There was no warning at the Senate committee hearing on capping international student numbers last week that it would cause a plague outbreak among Vice-Chancellors.
But other than that, the warnings were dire, with nobody talking much about the detail of actual impact. Fortunately Peter Hurley, Ha Nguyen and colleagues at Victoria U are here to help.
The VU team starts by pointing out that caps are a means to set a ceiling on numbers and reduce growth, rather than slash numbers now. And they argue, it is not what the government wants, but the way it is done that will get results.
VU propose foundations for caps including,
- Supporting the overall market by focusing on the institutions that deliver the most benefits to economy and community
- Protecting international students by minimising the impact of policy change
- Prioritising institutions with significant domestic student enrolments to ensure that Australia’s tertiary education system is receiving the most value from international education.
They also suggest setting international numbers by establishing a base number for all institutions, say 500 – only the 20 per cent or so with more would be subject to caps. The allocation for those with more could be flexibly based on a ratio, two locals for every international, five to one, or one to one, all depending on circumstances and criteria – such as available housing. There is no mention of a market, but the VU team suggests that private VET colleges with no domestic students would lose numbers, which could be reallocated.
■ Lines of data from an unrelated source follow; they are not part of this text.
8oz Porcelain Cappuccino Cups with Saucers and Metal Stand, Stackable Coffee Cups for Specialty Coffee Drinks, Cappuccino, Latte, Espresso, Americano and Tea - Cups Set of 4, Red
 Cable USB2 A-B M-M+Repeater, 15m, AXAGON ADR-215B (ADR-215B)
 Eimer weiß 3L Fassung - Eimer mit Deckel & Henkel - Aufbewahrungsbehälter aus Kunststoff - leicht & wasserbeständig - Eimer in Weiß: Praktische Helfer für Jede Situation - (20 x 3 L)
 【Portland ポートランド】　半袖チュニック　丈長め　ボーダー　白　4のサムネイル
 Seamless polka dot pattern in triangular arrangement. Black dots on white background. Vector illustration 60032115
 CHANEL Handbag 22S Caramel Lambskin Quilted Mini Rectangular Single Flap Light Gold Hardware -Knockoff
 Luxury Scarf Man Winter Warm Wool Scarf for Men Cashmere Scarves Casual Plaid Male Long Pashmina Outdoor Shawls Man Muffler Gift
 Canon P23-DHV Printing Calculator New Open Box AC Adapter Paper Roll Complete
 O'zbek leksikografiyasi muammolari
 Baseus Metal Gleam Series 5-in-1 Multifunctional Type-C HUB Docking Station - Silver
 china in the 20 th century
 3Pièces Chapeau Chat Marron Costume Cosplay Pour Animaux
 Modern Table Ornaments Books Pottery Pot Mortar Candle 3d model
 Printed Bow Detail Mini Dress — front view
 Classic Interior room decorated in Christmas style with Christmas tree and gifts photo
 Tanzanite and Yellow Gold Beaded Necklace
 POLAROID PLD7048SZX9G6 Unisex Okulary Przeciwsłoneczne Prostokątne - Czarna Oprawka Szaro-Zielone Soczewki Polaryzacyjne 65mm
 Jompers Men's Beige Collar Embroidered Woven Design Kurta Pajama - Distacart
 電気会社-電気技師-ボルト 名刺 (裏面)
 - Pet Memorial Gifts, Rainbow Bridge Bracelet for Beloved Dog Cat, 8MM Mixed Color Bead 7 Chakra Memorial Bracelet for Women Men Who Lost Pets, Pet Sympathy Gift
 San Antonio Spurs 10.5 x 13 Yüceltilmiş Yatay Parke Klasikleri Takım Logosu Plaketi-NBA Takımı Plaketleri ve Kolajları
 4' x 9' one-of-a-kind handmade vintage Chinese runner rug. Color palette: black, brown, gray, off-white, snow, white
They estimate this could mean moving 60,000 places to institutions with a higher proportion of domestic students.
The VU team also propose aligning student work rights to being enrolled at an institution that meets government criteria.
“Such a change would leave most, if not all, international students with access to the Australian labour market. But it would create an important lever for the Australian government to use if it needed to cap the number of students in labour market, or minimise the likelihood of visa abuse,” they suggest.
While the VU team is silent on the subject, this would be a politically easy sell for the government, which private VET providers would hate but universities with lower international shares love.
But who would do the work? Sounds like a job for ATEC and (shudder) ASQA.